Re: grep vs git grep performance?

Ævar Arnfjörð Bjarmason <avarab@xxxxxxxxx> · Sat, 28 Oct 2017 09:45:55 +0200

On Fri, Oct 27 2017, Joe Perches jotted:

> On Sat, 2017-10-28 at 00:11 +0200, Ævar Arnfjörð Bjarmason wrote:
>> On Fri, Oct 27 2017, Joe Perches jotted:
> []
>> > git grep performance has already been
>> > quite successfully improved.
>>
>> ...and I have WIP patches to use the PCRE engine for patterns without -P
>> which I intend to start sending soon after the next release.
>
> One addition that would be quite nice would be
> an option to have regex matches span input lines.
>
> grep v2.54 was the last grep version that allowed
> this and I keep it around just for that.
>
> ie:
>
> $ cat hello.txt
> Hello
> World
> $ grep -P "Hello\s*World" hello.txt
> $ grep-2.5.4 -P "Hello\s*World" hello.txt
> Hello
> World

I'm unable to build 2.5.4 and can't find anything relevant in the
release notes at a quick glance around that time saying that this would
be removed, if you can still build it I'd be interested to see what this
bisects down to in grep.git.

But aside from that, a feature like this constrains the regex
implementation a lot since it's going to need to either match the entire
file as we'd need to do with PCRE, or we'd need to really deeply embed
the core logic of the regex matcher into our grep implementation.

I.e. in this case a more optimal implementation would start by parsing
this regex down:

    ((EXACT "Hello")
     (STAR (POSIXU "\s"))
     (EXACT "World"))

Then when you open the file you can start searching for the fixed-string
"Hello", if you don't find that you're done, if you do you can forward
look-ahead for the fixed "World", and only if you find that do you need
to match the more complex part in the middle.

Whereas our API for the internal regex matchers now is that we find the
boundaries of newlines and batch-match a bunch of lines with a match()
function that takes a string, and if that matches we drill down to what
specific line matches.

Which is not to say that this can't be done without a potentially
unacceptable memory trade-off (i.e. matching the entire file in all
cases), the PCRE2 engine in particular includes some I/O abstractions
that we're not using but could (but I haven't looked into it).

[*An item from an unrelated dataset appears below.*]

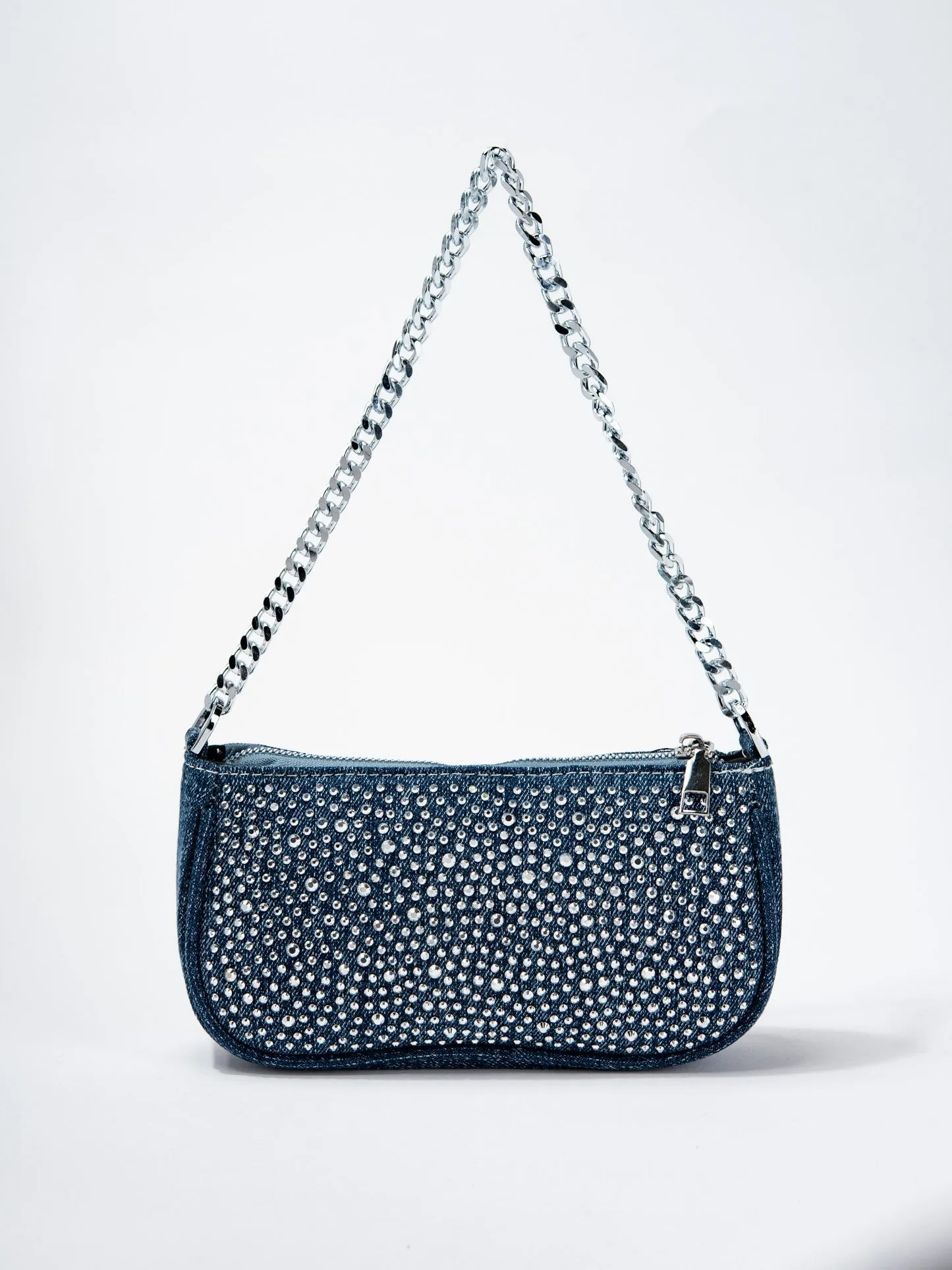 Allegra Denim Stone Studded Shoulder Bag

But right now the entire internal API we have is constrained by catering
to the lowest common denominator (a regexec that takes a char*), so
supporting more fancy multi-line matching features can be a PITA since
we'd need to maintain both codepaths.

Or we could make PCRE a hard dependency, which given the performance
advantages I'm increasingly willing to make the case for.